I was on a fairly simple reconnaissance mission, which involved driving around with a map and a clipboard and taking notes. Obviously, jobs requiring more equipment (and less driving/working while your foot’s on the brake) have slightly different requirements, mostly involving cargo space.
- Multiple cup holders. Constantly scrounging for the whatsit you put on the passenger seat next to the map, that has since rolled onto the floor or gotten wedged in the cushions, is tiresome. Actually, what I want is a cup holder (or two, if I am in the field with a coworker), plus a pencil holder, a GPS holder, and a wallet-change-keys-iPod holder… but we could start with just putting the parking brake lever on the left-hand side somewhere, instead of the right, and using that console space for storage. Chevy Aveo, I’m looking at you here.
- Emergency kit. I don’t think I’ve ever encountered a rental car that came obviously stocked with basic first aid supplies, or been offered a kit in the list of pay-per-day add-ons, but it would be nice. It’s a pain to pack your own, but when you’re driving around on random back-country logging roads all day, it’s a good thing to have with you.
- Aux input on the stereo. Much easier than fiddling with a little “personal radio station” adapter thingie, or trying to find decent music on the radio.
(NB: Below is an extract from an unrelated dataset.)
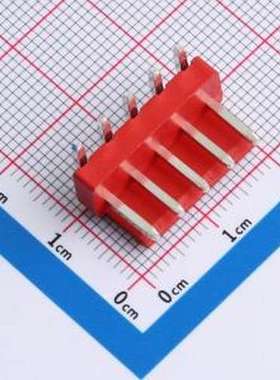 XY-VH3.96-5A21-R 线对板针座 VH 3.96mm 1x5P 弯插 红色 弯插,P=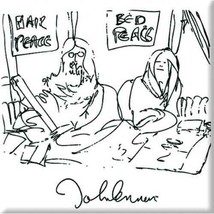 BEATLES / JOHN LENNON bedism black on white FRIDGE MAGNET official merch... - £4.89 GBP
- Although I’m sure the folks at Enterprise would be horrified if they saw some of the roads I covered with their precious little econoblob, four-wheel drive is still worth thinking about for, say, back-country logging roads. It’s unfortunate that the “wee little Jeep” class isn’t more well-represented on the rental market, because for any job I’ve been on short of a multimodal geophysical survey or 30-person field trip, a “standard” 4WD pickup or SUV is total gas-guzzling overkill (I’ve complained about this before).